Not who you responded to but I've been looking now after reading this discussion and here are some things I've come up with in the last minute or so.
- Why when I drag the Safari window up to go full screen with the tiling manager does it leave a large gap around the window? When I double click the top bar it aligns the top and bottom with the edges but still leaves a gap on the sides.
- Why does the settings dialog have so much lag? It takes a couple of seconds to launch and then when navigating around there is a roughly one second lag between panels.
- Why can't I uninstall default Mac apps that I have never opened?
- If I open up task view using F3, why is there no option to exit the window or program?
- If I have a Safari window open in a smaller window and double click the task bar, why does it maximize the way it does? Leaving a large section open.
> - Why when I drag the Safari window up to go full screen with the tiling manager does it leave a large gap around the window? When I double click the top bar it aligns the top and bottom with the edges but still leaves a gap on the sides.
It's a feature. System Settings > Desktop & Dock > Tiled windows have margins.
> - Why does the settings dialog have so much lag? It takes a couple of seconds to launch and then when navigating around there is a roughly one second lag between panels.
Each 'panel' is actually an app extension that runs its own process. Similar to extensions and control panels in classic MacOS.
> - Why can't I uninstall default Mac apps that I have never opened?
This is annoying.
> - If I open up task view using F3, why is there no option to exit the window or program?
> - If I have a Safari window open in a smaller window and double click the task bar, why does it maximize the way it does? Leaving a large section open.
The modern macOS UX is an amalgamation of Classic MacOS and NeXTSTEP, neither of which really has the concept of "maximised" in the same sense as Windows does. The action you describe "zooms" the window to best fit the content. The parallel to "maximised" is full screen.
I see others have responded with specifics. That's cool and all but it seems a bit futile to me because Apple has all this data internally and could act upon it if they wished.
Certainly with "crashers" there are crash reports from the field (you and I) that are sent back home and filtered into various databases.
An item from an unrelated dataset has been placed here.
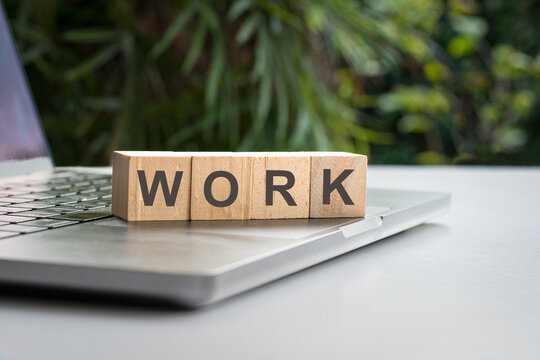 Work, word written on square wood block, on top of computer laptop.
Internal tool allow Apple to see the "top crashers" (and you can filter to specific OS, hardware, etc.). There will be Radars filed for these and they will be sent to the appropriate teams.
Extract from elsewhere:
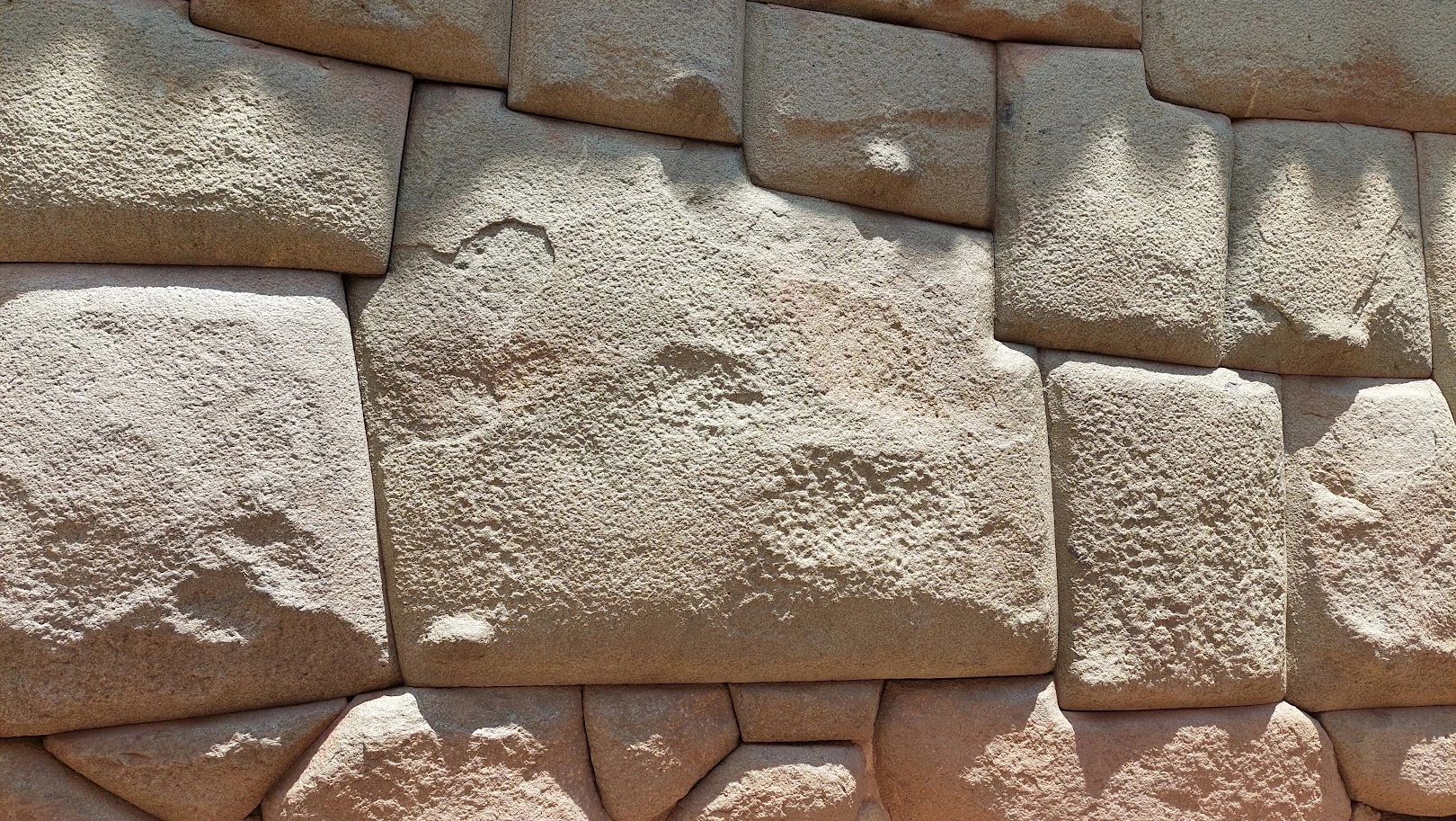 Twelve-angles stone Cusco Peru portrait | Peruvian Sunrise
The issue of course is the degree to which these take priority over feature work, etc. If Apple decided to do nothing but address these for a year or two we could have nice things again.
Not an exhaustive list but some simple recent examples:
in Messages on macOS across 3 Macs I own, turning on and off the global 'read receipts' setting has no effect, not even from the perspective of iOS. The iOS setting does seem to work though.
Bugs in iOS mail where notifications just freeze the app.
Layout issues in macOS settings.
Memory leaks in WindowServer.
Many iCloud services inconsistent and non-reliable.
Apple Pay not showing correctly in Apple Account settings.